This series brings the IOMMU part of HW nested paging support
in the SMMUv3. The VFIO part is submitted separately.
The IOMMU API is extended to support 3 new API functionalities:
1) pass the guest stage 1 configuration
2) pass stage 1 MSI bindings
3) invalidate stage 1 related caches
3) is also used for SVA use case [1].
Then those capabilities gets implemented in the SMMUv3 driver.
The virtualizer passes information through the VFIO user API
which cascades them to the iommu subsystem. This allows the guest
to own stage 1 tables and context descriptors (so-called PASID
table) while the host owns stage 2 tables and main configuration
structures (STE).
Best Regards
Eric
This series can be found at:
https://github.com/eauger/linux/tree/v5.3.0-rc0-2stage-v9
References:
[1] [PATCH v4 00/22] Shared virtual address IOMMU and VT-d support
History:
v8 -> v9:
- rebase on 5.3
- split iommu/vfio parts
v6 -> v8:
- Implement VFIO-PCI device specific interrupt framework
v7 -> v8:
- rebase on top of v5.2-rc1 and especially
8be39a1a04c1 iommu/arm-smmu-v3: Add a master->domain pointer
- dynamic alloc of s1_cfg/s2_cfg
- __arm_smmu_tlb_inv_asid/s1_range_nosync
- check there is no HW MSI regions
- asid invalidation using pasid extended struct (change in the uapi)
- add s1_live/s2_live checks
- move check about support of nested stages in domain finalise
- fixes in error reporting according to the discussion with Robin
- reordered the patches to have first iommu/smmuv3 patches and then
VFIO patches
v6 -> v7:
- removed device handle from bind/unbind_guest_msi
- added "iommu/smmuv3: Nested mode single MSI doorbell per domain
enforcement"
- added few uapi comments as suggested by Jean, Jacop and Alex
v5 -> v6:
- Fix compilation issue when CONFIG_IOMMU_API is unset
v4 -> v5:
- fix bug reported by Vincent: fault handler unregistration now happens in
vfio_pci_release
- IOMMU_FAULT_PERM_* moved outside of struct definition + small
uapi changes suggested by Kean-Philippe (except fetch_addr)
- iommu: introduce device fault report API: removed the PRI part.
- see individual logs for more details
- reset the ste abort flag on detach
v3 -> v4:
- took into account Alex, jean-Philippe and Robin's comments on v3
- rework of the smmuv3 driver integration
- add tear down ops for msi binding and PASID table binding
- fix S1 fault propagation
- put fault reporting patches at the beginning of the series following
Jean-Philippe's request
- update of the cache invalidate and fault API uapis
- VFIO fault reporting rework with 2 separate regions and one mmappable
segment for the fault queue
- moved to PATCH
v2 -> v3:
- When registering the S1 MSI binding we now store the device handle.
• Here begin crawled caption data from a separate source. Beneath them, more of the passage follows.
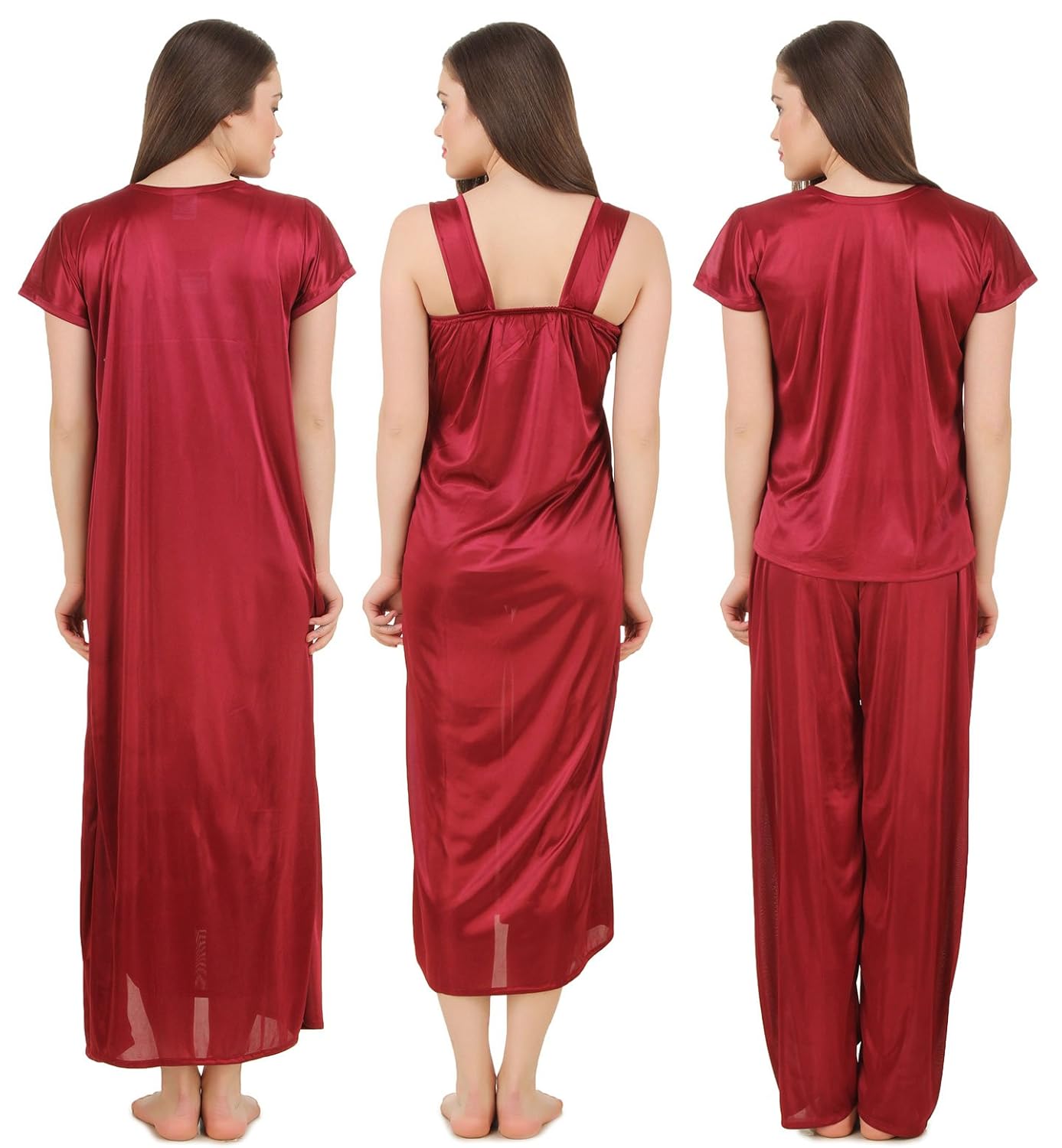 fasense women's 6-piece nightdress set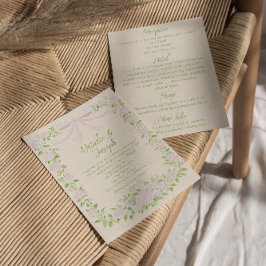 Convites Arco Íris Floral Verão Tudo Em Um Casamento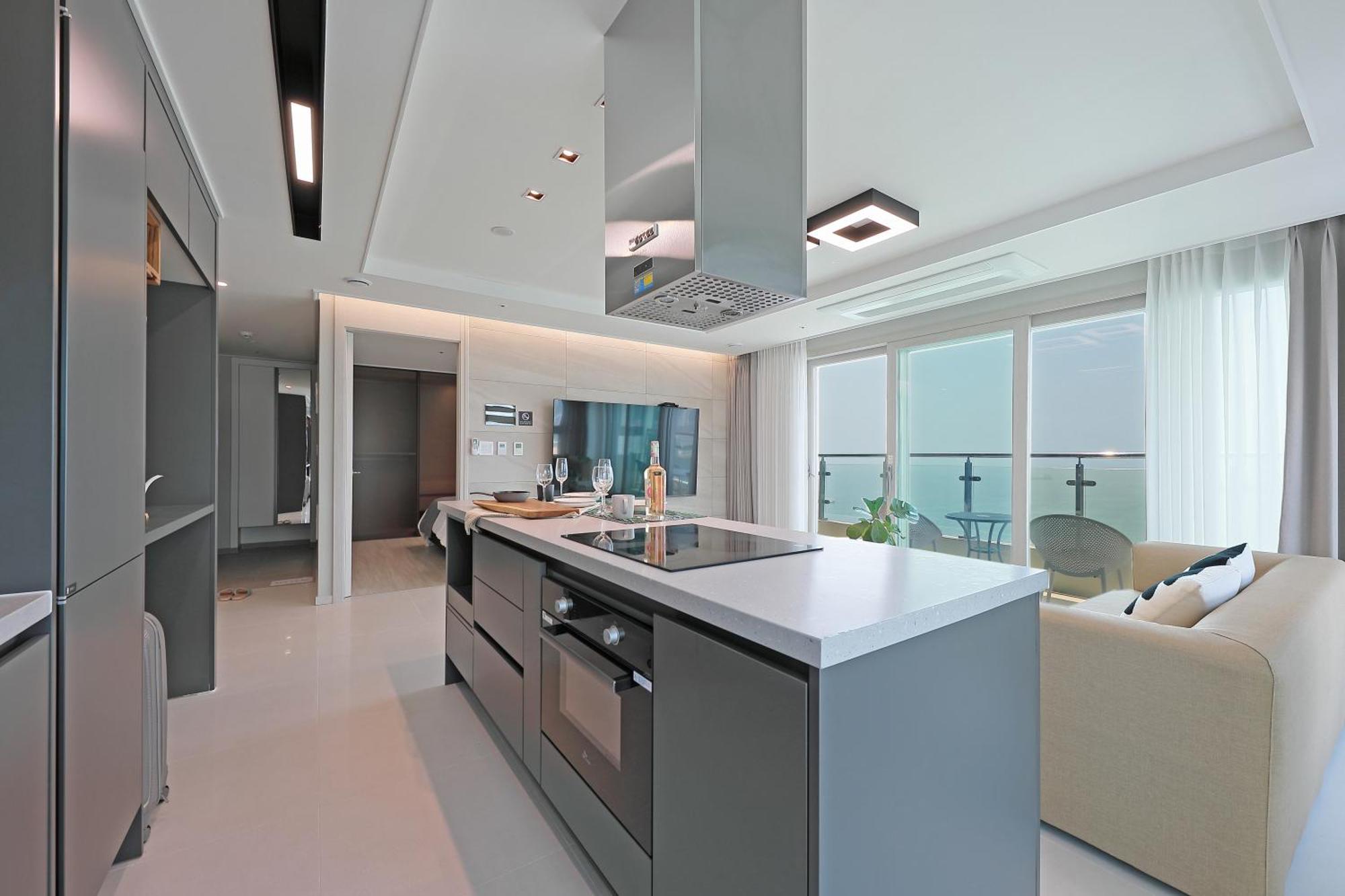 Апартаменты Elmomento Songdo Пусан Экстерьер фото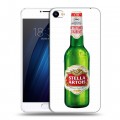 Дизайнерский пластиковый чехол для Meizu U20 Stella Artois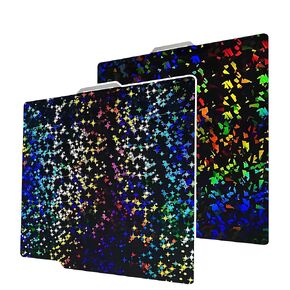 New Rainbow Confetti/Starry Smooth PEF Magnetic Double-Sided Spring Steel Sheet Flexible Build Plate for Bambu Lab 3D Printers X1/X1C/X1E/P1P/P1S/A1 257x257mm in Saudi Arabia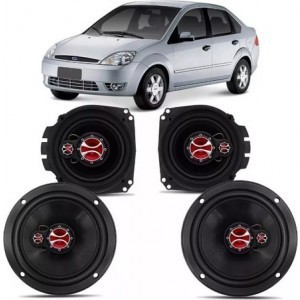 Kit Alto Falantes Ford Fiesta 2006 240w Rms 4 Ohms – Kf.071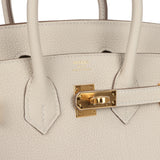 Hermes Birkin 25 Craie Togo Gold Hardware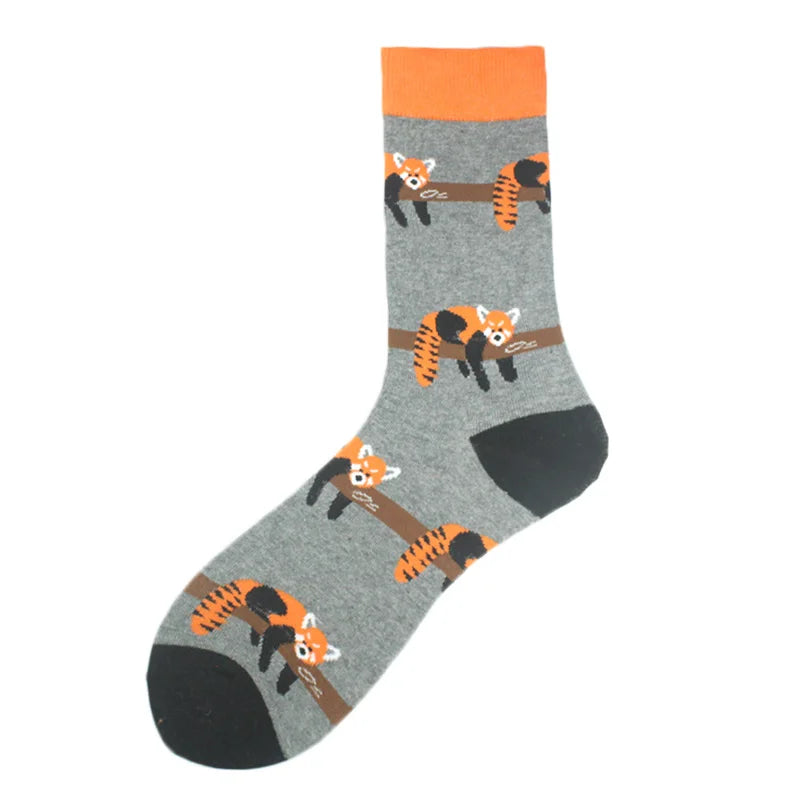 Happy Design Lustige Socken Schaf Bier Dinosaurier Muster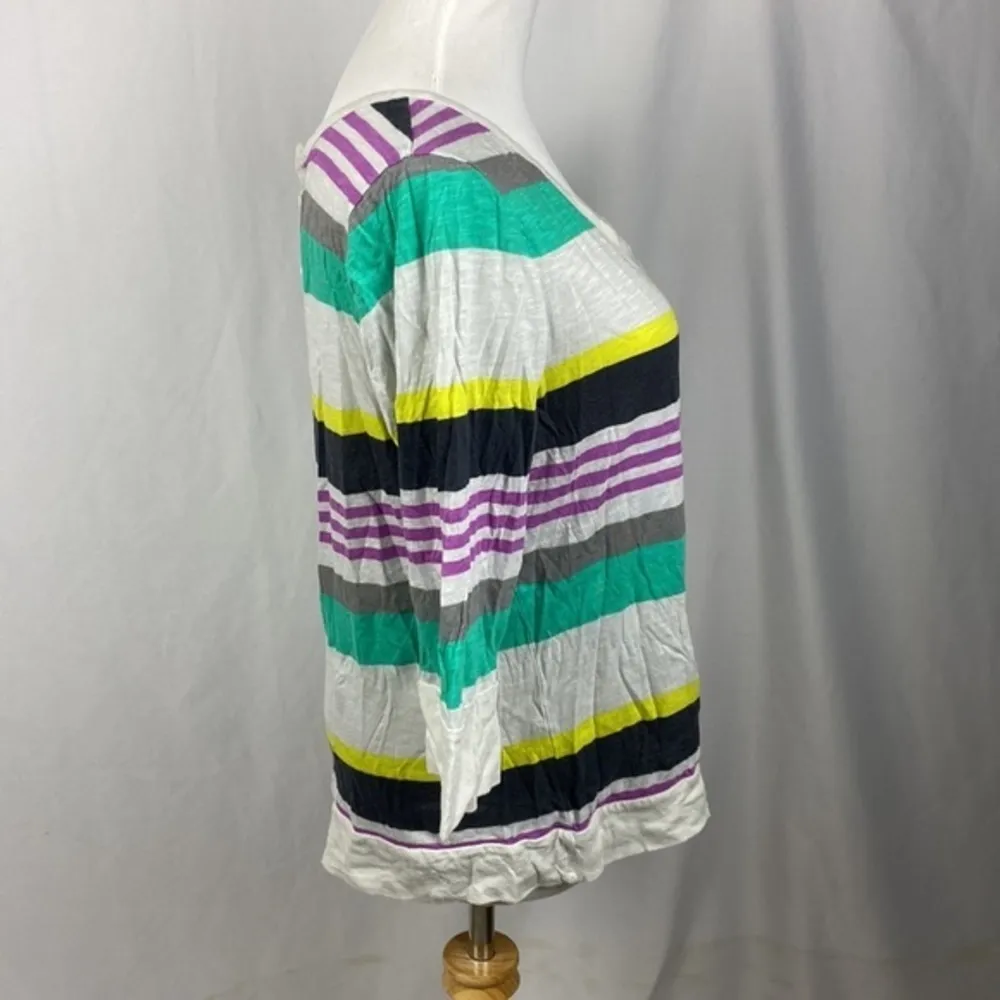 Old navy multi colored burnout t shirt scoop neck size xl - Image 6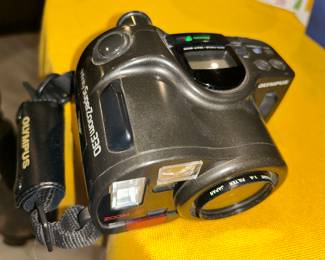 Olympus infinity super zoom 330 with remote control, includes case and many accessories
This
addresses Robin's comment about discimination of devices beonging to
different S1 groups and using different physical MSI doorbells.
- Change the fault reporting API: use VFIO_PCI_DMA_FAULT_IRQ_INDEX to
set the eventfd and expose the faults through an mmappable fault region
v1 -> v2:
- Added the fault reporting capability
- asid properly passed on invalidation (fix assignment of multiple
devices)
- see individual change logs for more info
Eric Auger (11):
iommu: Introduce bind/unbind_guest_msi
iommu/smmuv3: Dynamically allocate s1_cfg and s2_cfg
iommu/smmuv3: Get prepared for nested stage support
iommu/smmuv3: Implement attach/detach_pasid_table
iommu/smmuv3: Introduce __arm_smmu_tlb_inv_asid/s1_range_nosync
iommu/smmuv3: Implement cache_invalidate
dma-iommu: Implement NESTED_MSI cookie
iommu/smmuv3: Nested mode single MSI doorbell per domain enforcement
iommu/smmuv3: Enforce incompatibility between nested mode and HW MSI
regions
iommu/smmuv3: Implement bind/unbind_guest_msi
iommu/smmuv3: Report non recoverable faults
Jacob Pan (1):
iommu: Introduce attach/detach_pasid_table API
Jean-Philippe Brucker (1):
iommu/arm-smmu-v3: Maintain a SID->device structure
Yi L Liu (1):
iommu: Introduce cache_invalidate API
drivers/iommu/arm-smmu-v3.c | 817 ++++++++++++++++++++++++++++++++----
drivers/iommu/dma-iommu.c | 139 +++++-
drivers/iommu/iommu.c | 66 +++
include/linux/dma-iommu.h | 16 +
include/linux/iommu.h | 52 +++
include/uapi/linux/iommu.h | 161 +++++++
6 files changed, 1162 insertions(+), 89 deletions(-)
--
2.20.1
On ARM, MSI are translated by the SMMU. An IOVA is allocated
for each MSI doorbell. If both the host and the guest are exposed
with SMMUs, we end up with 2 different IOVAs allocated by each.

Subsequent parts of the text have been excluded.